Brazilian Flame Vine:
We saw one in full glory at the San Diego Safari Park, and I've thought about it ever since.

Lion's Tail:
Bright height for the back of a border.

Jerusalem Sage:

Soft, hardy phlomis.

Pride of Madeira:
One of Jason's and my favorites. Gets big and a self-seeder, but super cool. DRAMA.

Tequila Sage:
A find from the Lake Merritt Sensory Garden in Oakland.


I know, I know—setting myself up for heartbreak. But I just want to try.

Euphorbia Characias:
These didn't work out in the subtropical garden, but maybe in the back-back?

Other people can; [see protea heartbreak...]

So as you can see: hotter/dryer plants, with an orange/yellow/red/purple palette.  And then we'll be done with the yard... HAR.

Jul 12, 2017

Meet the Queen...

These are our 'Lemon Queen' sunflowers! They're just starting to bloom--right in the sweet spot before they start to look bedraggled & ruin the border, har.

I've never grown this type before; it was a whim, when I was at the nursery. Jason likes sunflowers so I got a package of 'Lemon Queen' seeds and also 'Vanilla Ice'—which hasn't bloomed yet.

The 'Lemon Queen' seed package says they reach 7' tall.  But I'm thinking 8'-9'? It also says this:

"Lemon Queen is the sunflower variety being grown for a multi-year bee count project to gather information about native bee populations. More than 100,000 citizen-scientists across the US and Canada participate in the research by counting the number of bees that visit their Lemon Queen plants."

Oddly--I haven't seen any bees on them yet.  Most of the bees I see are on our Bladderpods (also known as "California Cleome" or "Burrofat."  Ew.).

Jul 4, 2017

4th of July Fabulous...and not so much.

Happy 4th of July!  You know what I love about America?  Gardening!  Other discourse is beyond our scope here ;).

I usually like to show stuff that's doing well--but I realize it's sometimes more interesting to see my MISTAKES & that end, I'll start with some of those....

First off, what is this??
Our golden currant has a weird, mustard-yellow powder on the underside of its leaves, oy... I've no idea what it is, or if I should pull out the plant.  Research needed.

Next up: PURPLE agapanthus:
I will Never Again buy a blooming plant that is not yet blooming. I made this mistake at 2 different nurseries this spring--thinking I was buying the white variety.  While I LOVE PURPLE (see front yard), it is not part of the backyard color scheme.  Now Jason has to take a shovel and help me dig them out.  In the heat.  Oh, Jason.

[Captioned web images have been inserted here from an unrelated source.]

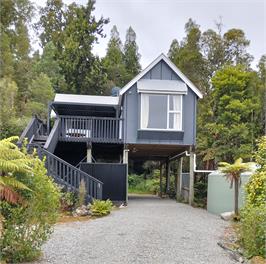 The Old Trout's Place - Moana/Lake Brunner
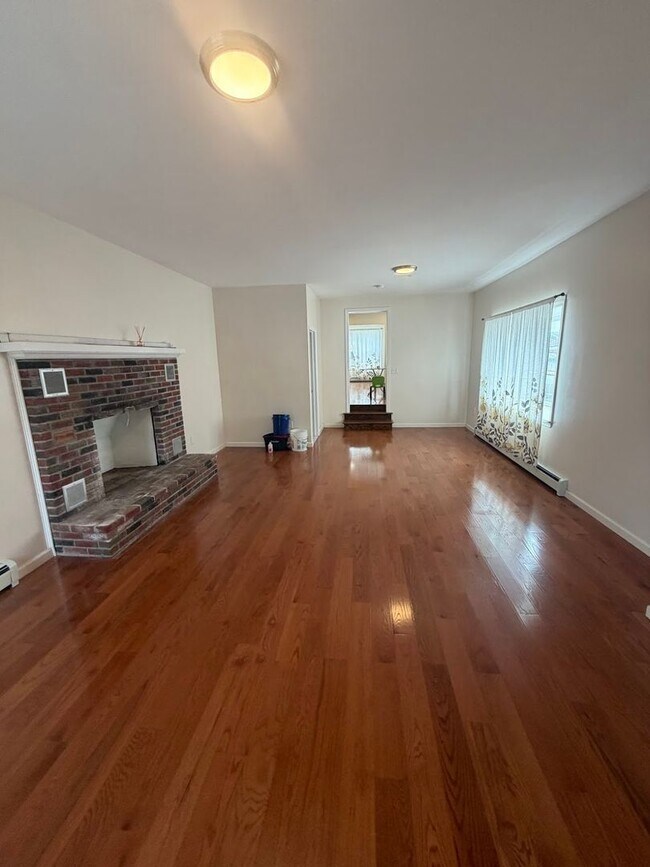 Building Photo - 4 Bedroom Single Family Home for Rent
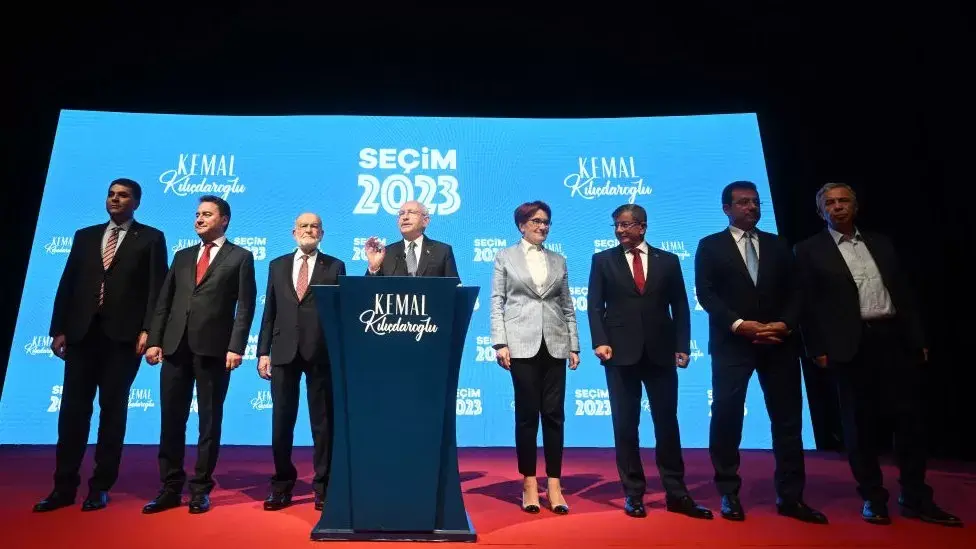 Эрдоган лидирует во втором туре выборов в Турции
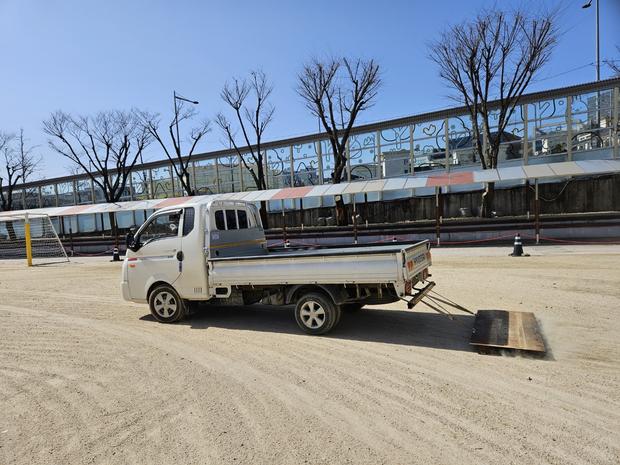 풍양면중학교 운동장 관리, 전문가로 걱정 끝! 안전 & 효율성 최우선!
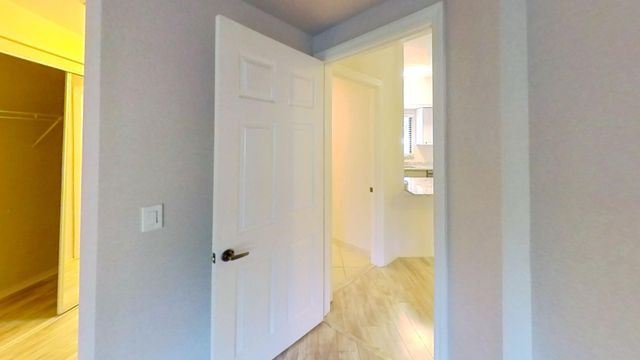 2105 Lavers Circle 108, Delray Beach, FL 33444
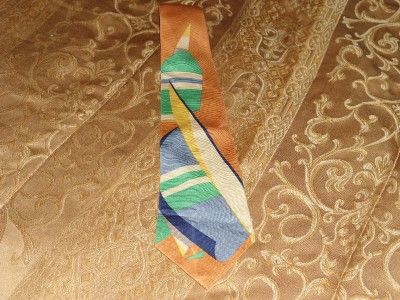   /GREEN/WHITE MENS SILK FORMAL NECK TIE  HAND PRINTED IN ITALY  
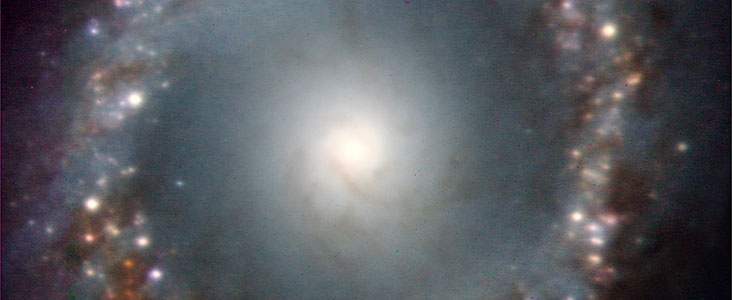 The centre of the active galaxy NGC 1097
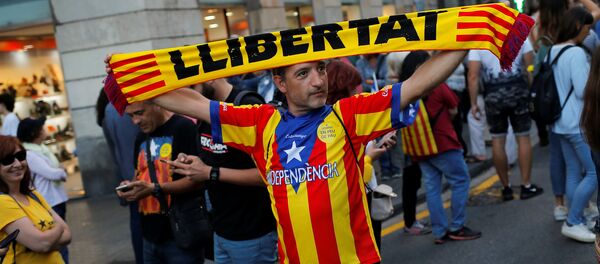 Des indépendantistes inondent les rues de Barcelone pour le 1er anniversaire du référendum - Sputnik Afrique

Third: Summer sun in Jason's grotto:
I completely misjudged how much sun the front of the fern grotto would receive once the angle of the sun changed, so that the clivia are FRIED and the ferns in front are not much better.  The sword fern (center/slightly up) is powering through, as is our Acacia 'Cousin Itt' (center), and the indestructible philodendrons.  But the clivia, OY.  Rookie.mistake.  I'm not sure how to fix this; maybe moving clivias back and adding more sword ferns and cousin itts?  Thinking.  Until the philodendrons and guava tree get big and make shade, we might have to deal with some crispiness.

To cleanse the palate, let's offer some about some 'Barbara Karst' bougainvillea? :
Jason and I planted this one together when we moved in. It's finally thriving--instead of sulking--& starting to bud out.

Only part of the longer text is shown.